Sus primeros recuerdos en la cocina dan cuenta de su carácter de buen comedor. «El cocinero un día tuvo una bronca tremenda porque se quejaba de que las chicas del hotel se comían los flanes que tenía preparados en la cámara y dejaban la flanera vacía para disimular. Y le decía a mi madre muy enfadado: "No me importa que se los coman, pero que por lo menos no los vuelvan a dejar ahí". Pues resulta que el que se los comía a escondidas era yo», explica entre risas.

Pegado al hotel, abrió su primer negocio, que tiene que ver con otra de sus grandes pasiones: las motos. La tienda, Motard, se componía de un taller y de una «boutique» donde, además de vehículos a dos ruedas, podías comprar cascos, chaquetas, monos... «En esa época estaba volcado en las motos, pero ya iba preparándome para esto... Si iba a Barcelona a una feria, sabía también dónde tenía que ir a comer y dónde tenía que ir a cenar, a ver y probar».

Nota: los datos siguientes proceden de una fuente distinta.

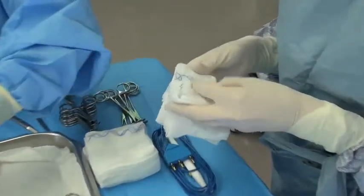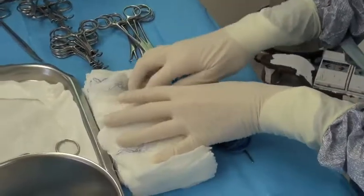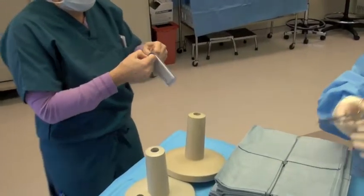This is also a good time to go through your instruments to make sure everything is in place, as well as counting the sponges. As you can see, the assistant is making sure that everything is there and that they relay that to the anesthesia person.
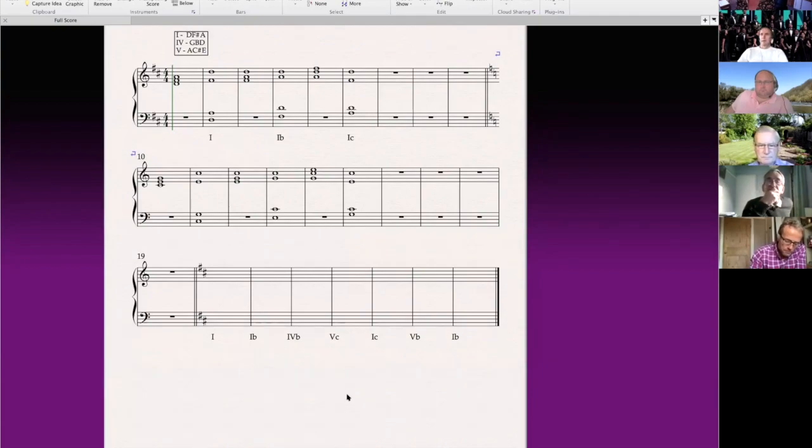Does anybody know why we might use those different inversions when we're writing harmony? For variety? Anything else? It feels like they're leading up to something. Good — leading up to something. It can be that you're thinking about the line that the individual bass singer would sing, that gives it more shape rather than just root notes every time. It would be really tedious if they only had three notes. It gives the basses a much more fluid, melodic line by giving them a different note rather than giving them the root every time.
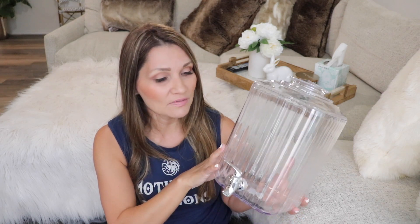Also from Michael's, I got this acrylic dispenser. It's really meant for drinks, but it was very inexpensive — I think it was $15, just a flat price of $15. I'm going to fill it up with my laundry detergent so it looks cuter than what I have it in now, and you guys will see what I have it in now.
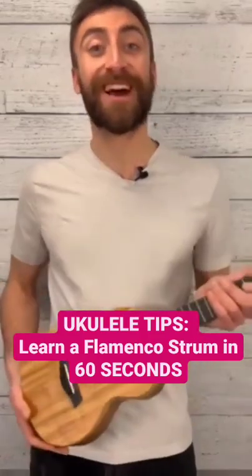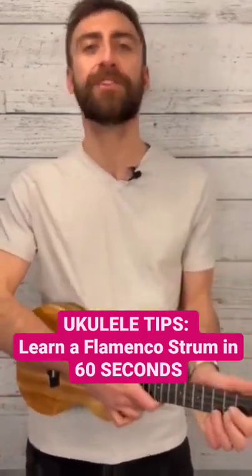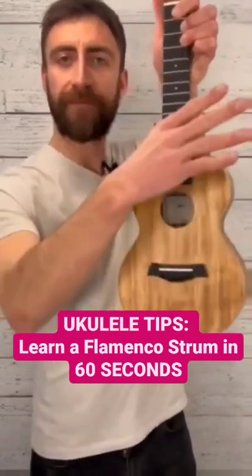Hey, I'm Al from Twistable Guitars, and today I've got less than 60 seconds to teach you how to do a flamenco strum on the ukulele.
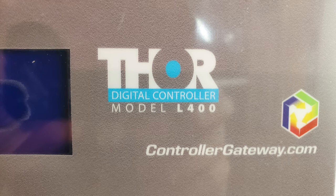Hi there. Welcome to the ERP video resource site. My name is Bob and today we're going to show you how to install a simple two-wire dry contact device. In this instance we're going to be using a generic two-wire flow switch and we're going to be wiring that into a Thor controller.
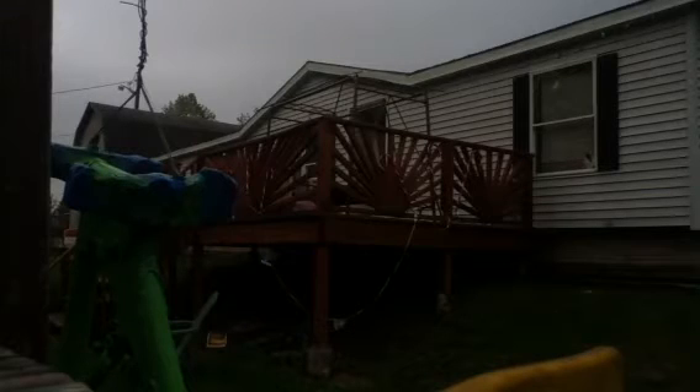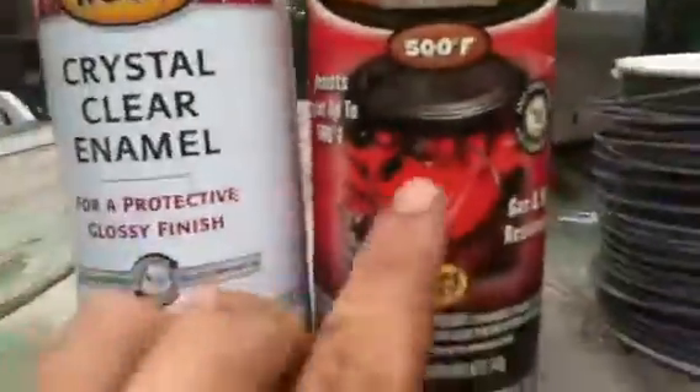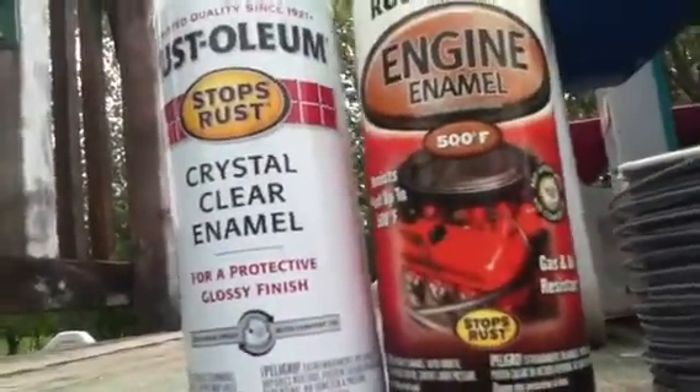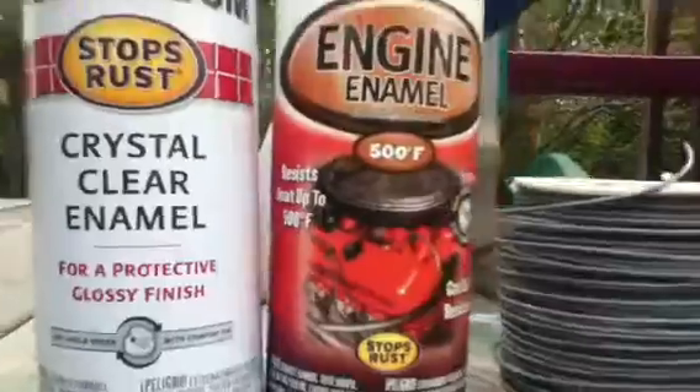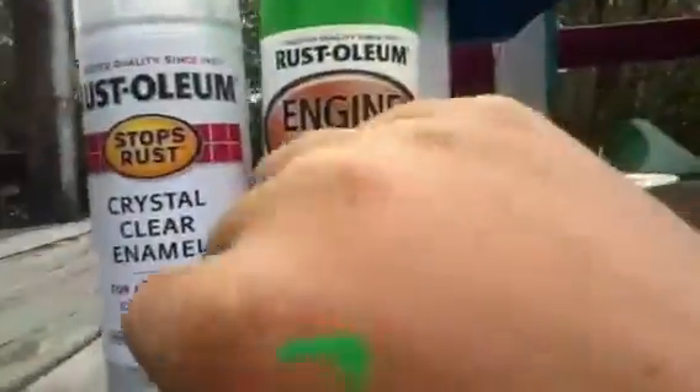Clear coat's done on it — we're going to let it sit a while. These are the paints we're using: we're using the green from a 446 Peterbilt — that's actually the engine that's in the picture, or it's a Chevy 350 built up. That's the green — it actually looks more like that. Clear coat, you know what it is — it's clear. So we're going to wait for it to dry.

El cierre del hotel para reconvertirlo en apartamentos a finales de los años 80 trajo aparejado el traslado de su tienda a la avenida de l'Aigüera, «antes de que se construyera el parque y cuando ni siquiera llegaba hasta aquí la línea de teléfono», afirma. Allí pasó página con Motard y comenzó a escribir, receta a receta, el libro de Taíta.

Las recetas de mamá

«Lo que más me gusta cocinar son los arroces y, los que más, los autóctonos de Benidorm: de cebolla y calabaza, el caldoso de boquerones y espinacas, de rape y coliflor...». Su mejor maestra ha sido su madre: «Ella me ha enseñado a hacerlos todos», cuenta, a la vez que explica cómo todavía ahora, a sus 91, sigue haciéndole «entrevistas con una grabadora para que me cuente cómo se cocina esto o aquello. Es una delicia porque es cocina de toda la vida, que no va con gramos, ni con tiempos, sino con "puñaditos", un "chorrito" o un "cuando lo veas bien"».

También se afana en cocinar y, sobre todo, en dar a conocer a los comensales menos dados a la comida autóctona la pebrera talladeta, los tallarines con sangacho o les faves sacsaes, todos típicos de la gastronomía local. «Tenemos que trabajar para que no se pierdan esos platos tan nuestros», mantiene. En esta labor intenta poner su granito de arena organizando varias veces al año cursos para enseñar a sus clientes a guisar los platos más típicos del municipio. «Es muy divertido y la gente se implica muchísimo».

Echa de menos la época en la que Benidorm tenía numerosos restaurantes de prestigio. «El Tiffany's, La Pérgola, El Cisne, La Barca... La época en que la gente salía a cenar en traje y había una categoría que ahora se ha perdido», lamenta. También, la escasez de profesionales en el sector de la hostelería local: «Muchos se hacen camareros porque no encuentran otra cosa, para ganarse un sueldo, pero no porque realmente les guste este oficio. Hay muy pocos profesionales y eso hace que la imagen de la gastronomía local a veces no sea todo lo deseable que debiera».